DATA RECORDS: Begin

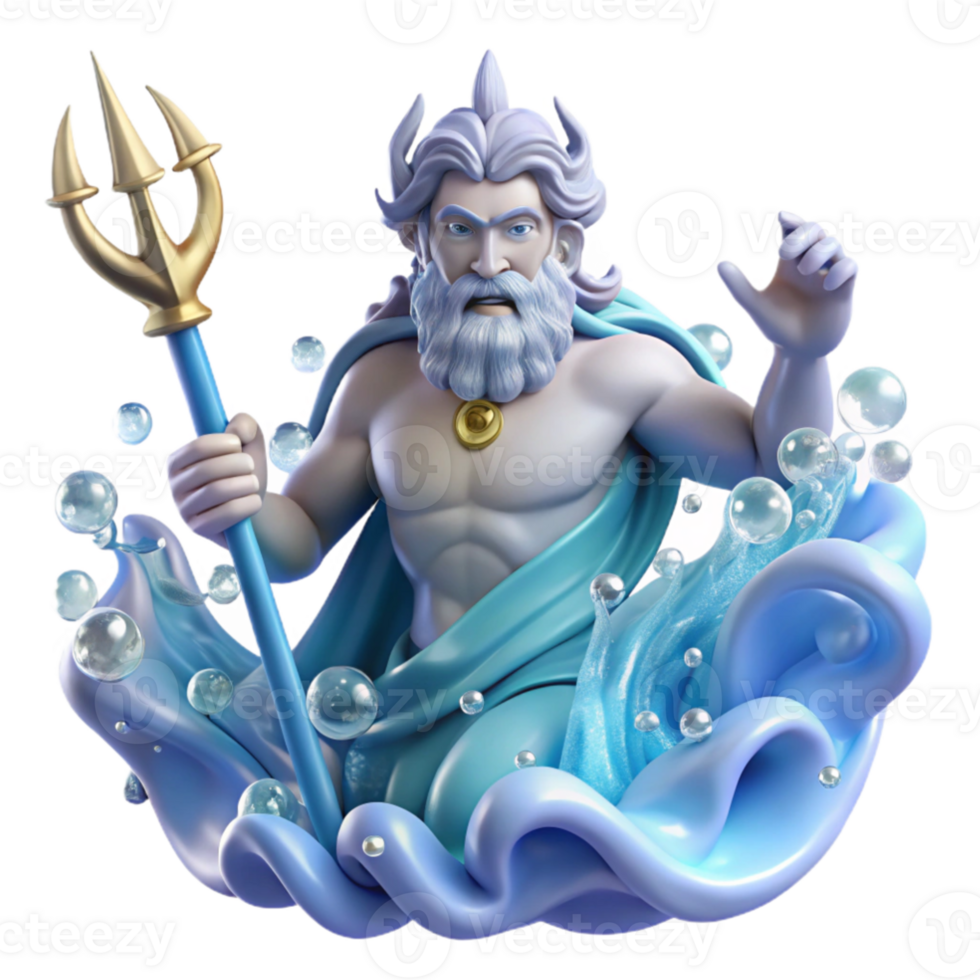 dramatic minimalist elegant contemporary Poseidon rising from the waves, trident in hand, water droplets sparkling like diamonds, Baroque painting style high quality authentic png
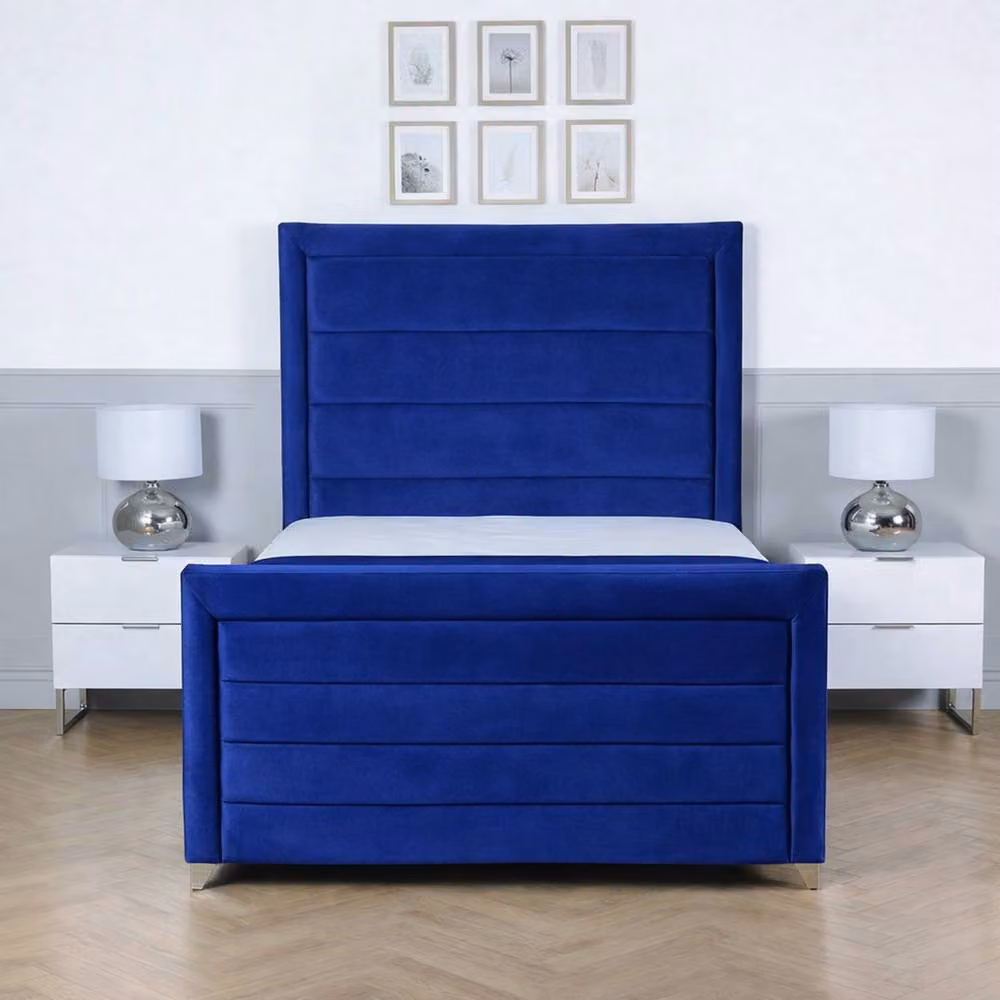 Living Comfort Bedz Selena Blue Velvet Upholstered Gas Lift Storage Bed, W/D/H: 120 x 200 cm – 2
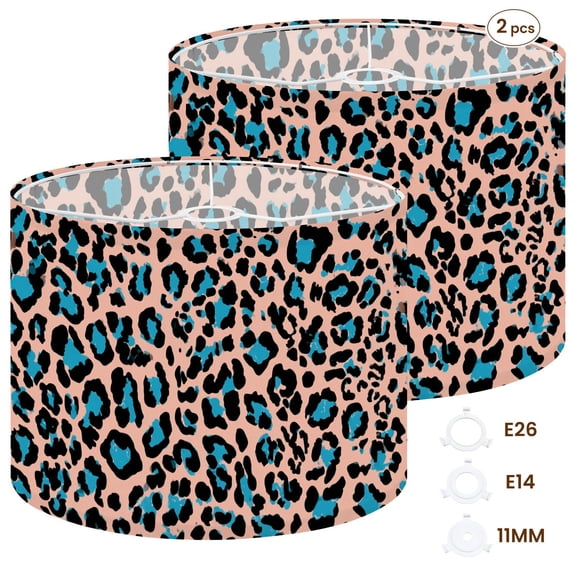2pcs Set Drum Lampshades (13"x 13"x 10"), Hand Drawn Abstract Leopard Cheetah Skin Fur Shapes Fabric Lamp Shades, Large Replacement Shades for Table, Floor, and Pendant Lamps, Simple Assembly Needed.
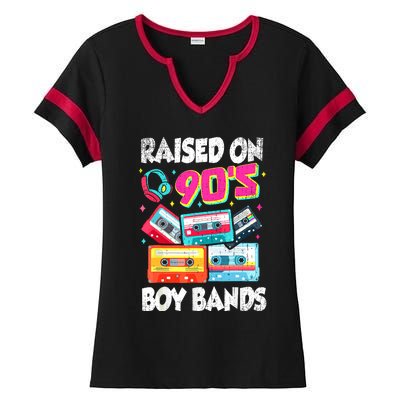 Raised On 90s Boy Bands Cassette Tape Retro Ladies Halftime Notch Neck Tee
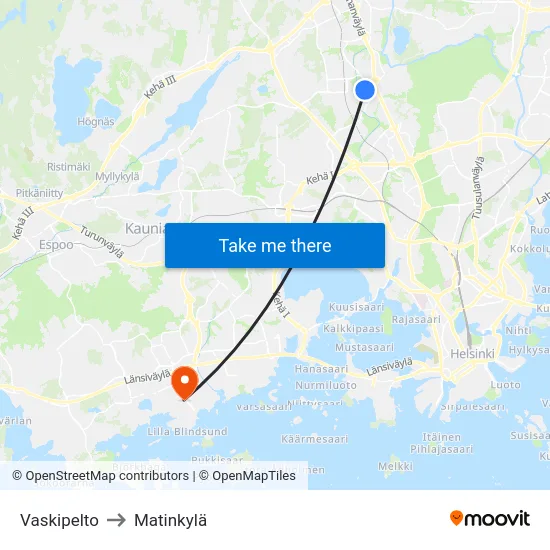 Vaskipelto to Matinkylä map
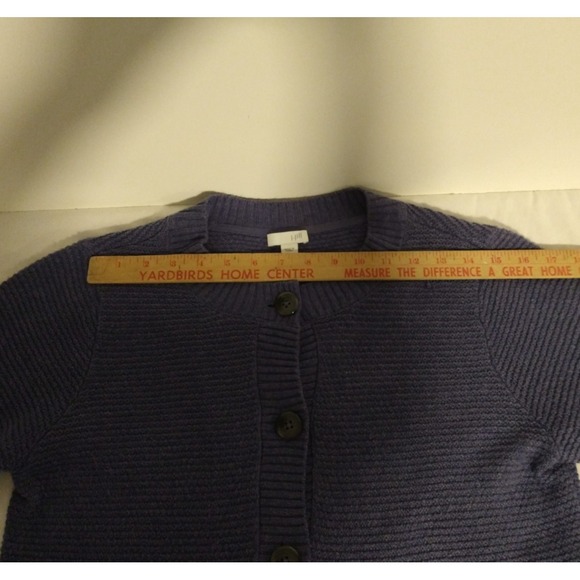 J Jill Cardigan Sweater Long Button Up Sm Petite Blue Knit Pockets Cotton Blend - Picture 8 of 10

DATA RECORDS: End

EXERCISE: Leave the pictures out and output the rest of the listing exactly.

PROBLEM SOLUTION:
 dramatic minimalist elegant contemporary Poseidon rising from the waves, trident in hand, water droplets sparkling like diamonds, Baroque painting style high quality authentic png
 Living Comfort Bedz Selena Blue Velvet Upholstered Gas Lift Storage Bed, W/D/H: 120 x 200 cm – 2
2pcs Set Drum Lampshades (13"x 13"x 10"), Hand Drawn Abstract Leopard Cheetah Skin Fur Shapes Fabric Lamp Shades, Large Replacement Shades for Table, Floor, and Pendant Lamps, Simple Assembly Needed.
 Raised On 90s Boy Bands Cassette Tape Retro Ladies Halftime Notch Neck Tee
 Vaskipelto to Matinkylä map
 J Jill Cardigan Sweater Long Button Up Sm Petite Blue Knit Pockets Cotton Blend - Picture 8 of 10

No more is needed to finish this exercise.